The project rolling in the district’s four traditional authorities of Mbelwa, Mzukuzuku, Khosolo and Mabilabo is reaching out to over 575 women.
In the areas women have placed themselves in 23 groups that are known as reflect cycles and each cycle has about 25 women that meet three times in a week. During the meetings they discuss about their rights, they manage what they call village savings and loans as well as those that are illiterate acquire literary and numerical skills.
Knowing the challenges with cultural authority that reign supreme in Mzimba, Mgawa says they first trained the traditional leaders using available instruments like constitution so that the meetings women were holding in their cycles should bear fruits.
“We can proudly say we have managed to break cultural values within two years.

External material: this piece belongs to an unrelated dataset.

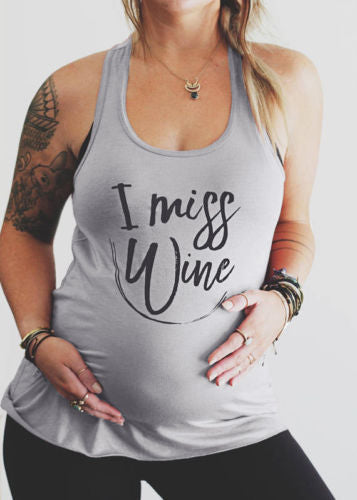 Damen Racerback Top mit lustigem Aufdruck EB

However, the major challenge is that these are practices that have been going on for time immemorial and it cannot happen that we change the mindset completely,” he said.

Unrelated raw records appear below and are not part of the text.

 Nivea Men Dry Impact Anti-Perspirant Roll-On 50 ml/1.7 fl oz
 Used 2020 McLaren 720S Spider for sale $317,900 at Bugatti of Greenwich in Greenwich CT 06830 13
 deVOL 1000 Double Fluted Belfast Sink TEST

Eventually, due to pressure from the women who had now realised their rights, one’s father and brothers and the other one’s husband relented and offered them land.
Patrick Shaba, brother to Ruth, says it was difficult to have their sister have her own piece of land because as it is culturally expected, they had already had shared the land amongst men folks within the family.
“The reason we gave her land was due to her plight and the new demands that started coming,” he said.
Prywell Jere, a Ngoni man who is husband to Margret Nyati, said they first thought that the project had come to destroy families.
“But after they explained to me in details, I ended up understanding and I think to an extent it is a relief because initially I used to think for her and now it is up to her to decide what we do with resources,” he said.
“I can now see that she is a very happy person, years of marriage with her have not elicited big smiles that I see on her face now, ever since she took charge of getting control and owning her own land,” he added.
Jere said men have to bow down to some of these cultural beliefs because eventually as a family, everyone becomes a beneficiary of the woman’s exploits.
Inkosi Mzukuzuku said the paradigm shift in how to treat women that Action Aid brought to Mzimba has also given him authority where he is now able to resolve cases based on the new knowledge, which is in line with the law.
“I have summoned all village and group village headmen within my area and I have reminded them what we agreed from the onset that women who cultivated tobacco or soya beans should be left freely to have their money and use it in the way they want,” he says.
Inkosi Mzukuzuku says initially, per month he used to resolve 10 cases related to denial to allow women use land as well as unfair use of proceeds from farm produce by the husbands and now he resolves a maximum of four cases a month.
“The most common ones were those where a woman was widowed and relatives of the husband wanted to snatch it,” he says; “it looks like we used to draw on our cultural beliefs more strongly than we would employ the law due to ignorance.”
Inkosana Mkhuzo Jere of Engalaweni who is the right-hand-man of the Paramount Chief Mbelwa says they are now working together with government to ensure that women exercise full rights in this democratic practice.
“We have now realised that we are equal to our women, and this necessitate that women access, control and own land and that they also have full control of the produce and its proceeds,” he says.
Ruth Shaba of Khosolo says as a proud landowner now she has cultivated maize and soya beans and she feels elated that she will not look over her shoulder when harvesting and there is already a market for her soya beans.
“Land can really give you power and save you from embarrassment,” she says with smirk that never left her face the whole time of the interview.